Board games that work well for more than 5 players are not as common as some might hope. In many cases, a game's mechanisms would work well enough for more than 4, but the down time in between turns would simply be too long to introduce any more players to the mix. Other times, the mechanisms themselves don't scale up well to the number of players. I think Ethnos might belong in that second category.

Ethnos is a game that combines card set-building with area control on a board. Each card in a shuffled deck depicts a fantasy creature of a particular type, and is also (unrelated) one of six colors. On your turn, you either draw a single card (from a face up spread, or from the deck), or play a set. The set must contain a mix of creatures all of one color, or be a group of the same kind of creatures. In either case, two things follow: you place a control token in one of six countries on a map (corresponding to the color of the top card in your set), and then you discard all remaining cards in your hand to the face up spread.

Each one of the monster types has its own special ability, which scales to the size of the set you play. As with the control, whichever creature you place on top of a set you play gives you its ability -- to cheat the map placement rules in some way, win tiebreakers for the round, manipulate the cards in your hand, and so forth.

The game is played in three rounds, with scoring triggered randomly near the end of the deck at the end of each round. Sets you played during the round score you points, more for larger sets. Then each of the six countries on the map scores for the round, giving points to the player with the most control tokens (and second most in round 2, and third most in round 3). Area control gets harder as you go, because placing a new token as you play a set requires that the set has more cards in it than the number of tokens you already have in the country.

My explanation may have sounded a bit convoluted there, but it's a really straightforward game to grasp. I think it involves quite a bit more luck than I'd expected on the surface. That luck comes down to one particular rule -- that you must discard the rest of your hand whenever you play a set. You're constantly having to evaluate whether the "one important thing" you're trying to do is worth wasting several turns drawing for it, and whether the extra cards you're accumulating are getting too good to put out there for others to draft when you're forced to discard them.

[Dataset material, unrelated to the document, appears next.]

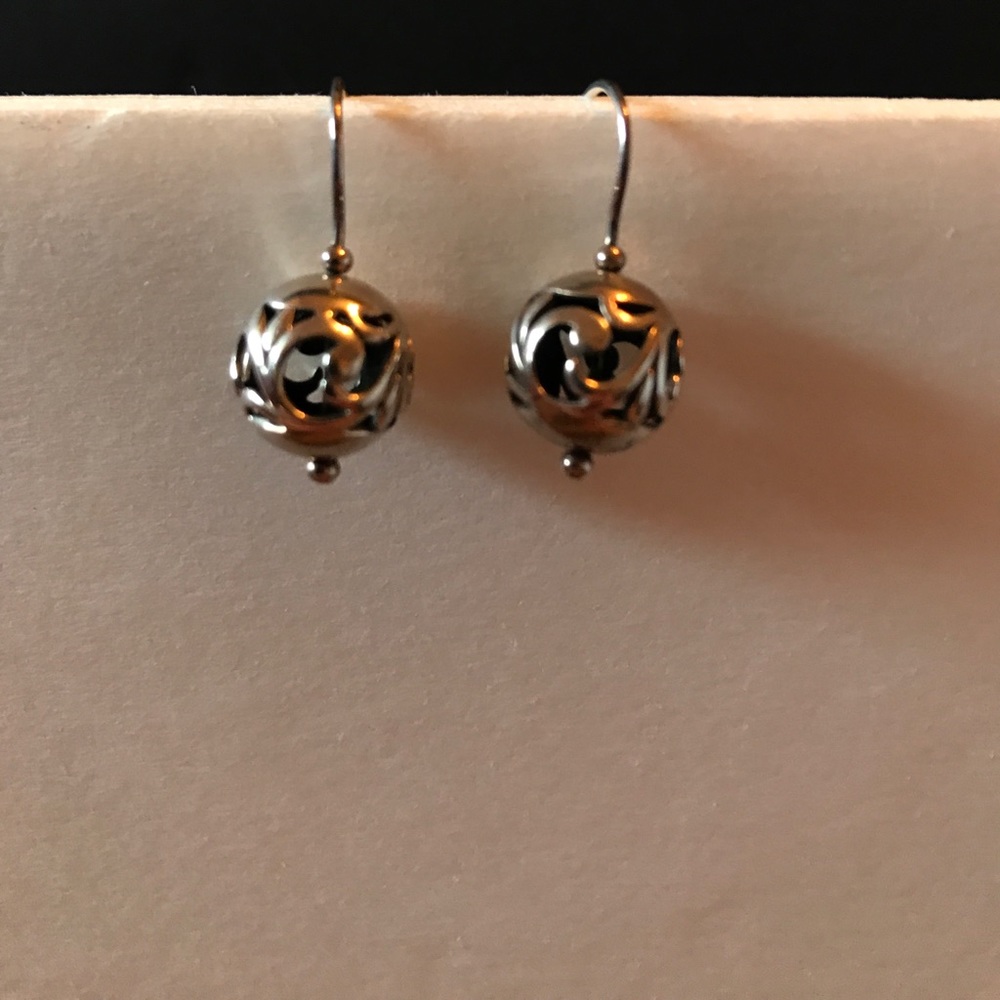 Silpada Stirling Silver Filigree Earrings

This is where I'm convinced that playing with too many players hurts the game. Ethnos takes up to 6. I've played now with 6 and 5, and I really think it ought to cap out at about 4. The face-up pool of cards never lasts long enough. Whenever one player makes a set and refreshes the pool with their discards, there's an immediate feeding frenzy on the scraps. Depending on how tightly other players are managing their hands, cards might not even be there by the time your turn comes around. Often, you're just drawing blindly from the deck, usually for lack of any other option. There is some meat to this "my trash can become someone else's treasure" mechanic, but you barely get to engage with it when playing with so many players. Instead, the game feels almost as random as Fluxx at times -- just draw and hope for the best.

For fast-paced game with area control and cards, I was much more impressed by Eight-Minute Empire. Still, the creature powers here did strike me as clever and interesting, and I would be willing to try the game again some time with a smaller number of players. For the 6 the box claims it can take, though, Ethnos feels like a bust. Withholding the option to revisit this review if I do ever get to play it with 3 or 4, I'm giving Ethnos a C. There might be an interesting game in there, but I think it doesn't know its limitations.